I was surprised by the lack of Democratic congressional support expressed for the original plan on its release last week. I would have expected House Speaker Nancy Pelosi, Senate Majority Leader Harry Reid, and key Senate Finance and House Ways and Means Committee leaders to have been involved in development of the plan, to have been pre-briefed on the final draft's contents, and then to have made strong endorsements of the plan within minutes of Obama's unveiling of it. This did not happen. A number of Democrats have questioned, in particular, some of the tax-cut components of the plan.
Obama won a decisive 2008 electoral victory which added to Democratic majorities in both House and Senate. His approval ratings are far higher than those of the Congress. It was time for his party's congressional leaders to rally to his centerpiece proposal. Why didn't they?
First, all Democrats and Republicans are fearful of the huge price tag attached to the package which, added to the present projected federal budget deficit, will plunge us into deep red ink over the next several years. Second, they have not yet shifted gears from Executive-Congressional relationships during the eight Bush years, when Hill Democrats were wary of or outrightly hostile to White House proposals. Finally, the incoming Obama team did not sufficiently engage congressional Democrats during the formulation of the proposal but, instead, briefed them only at the last minute.

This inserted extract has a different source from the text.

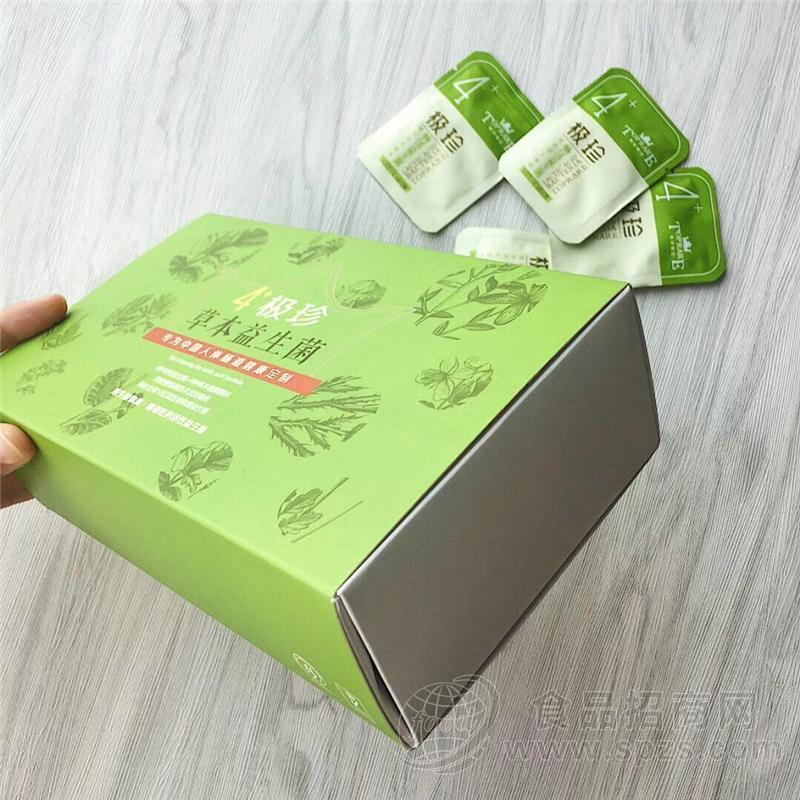 儒门本草招商加盟--极珍草本益生菌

That last aspect signals to me that Obama and his team have not yet shifted their mindset from campaigning to governance. A campaign can issue a 10-point program without anything but internal consultations. A president does so at his peril — as President Clinton did after formulating his and Hillary's health-care reform plan in 1994 — if he does not involve the Congress and key interest groups in consultations beforehand.
The details of the original proposal, released only last weekend, are too complex to be understood by most in the Congress and in the electorate. They are carefully targeted both to near-term stimulus as well as to policy areas Obama wants to stress. Each of the many pieces in the proposal will present, of and by itself, a political target for one critical group or another.

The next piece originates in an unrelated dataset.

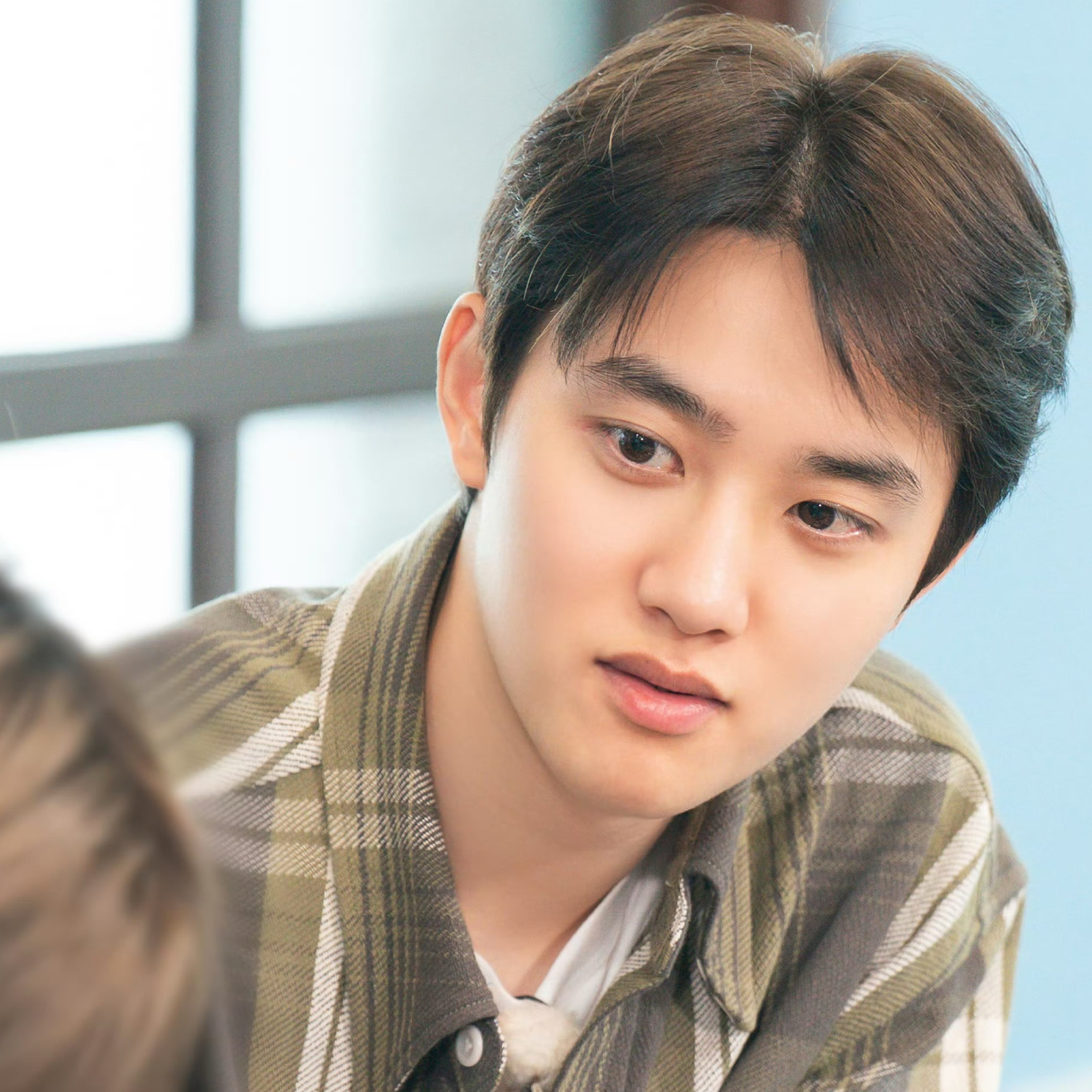 ファンが撮影したド・ギョンス (ディオ)の瞬間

To oversimplify, a more easily understood proposal would have consisted of a) a 60-day business or consumer tax holiday or short-term cuts in both personal and business taxes, across the board; and b) a program of investment in public infastructure broken into one or two categories. Instead, the proposal has many sub-divisions, involves a number of challengeable economic assumptions, and stimulates a reaction that money could be saved by just sawing off separate parts of it.

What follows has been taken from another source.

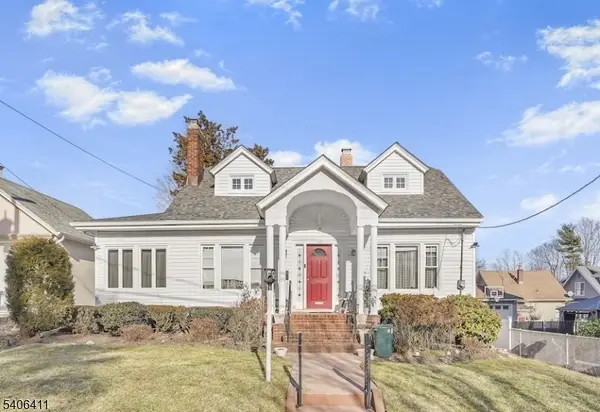 110 Gourley Ave, Clifton City, NJ 07013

I am reminded by the proposal of a 1968 exchange among presidential candidates debating the issue of Vietnam. New York Gov. Nelson Rockefeller, seeking the Republican presidential nomination, issued a five-point plan for peace in Vietnam. Both Vice President Hubert Humphrey and Sen. Robert Kennedy, on the Democratic side, issued written critiques which amounted to five-to-ten-point plans of their own (I wrote Humphrey's). Sen. Eugene McCarthy, interviewed coming off his campaign plane, was asked about the Rockefeller, RFK, and HHH plans. His answer was a classic and, politically, the astute one. "When it comes to plans," he said, "when you get beyond three points, you cut it too thin."
The lack of political preparation, and the plan's present complexity, will be overcome, mainly because all the players have a stake in getting something done on both taxes and spending and across party lines. The economic situation requires it. But a political climate has been created in which criticisms and changes have been made more certain.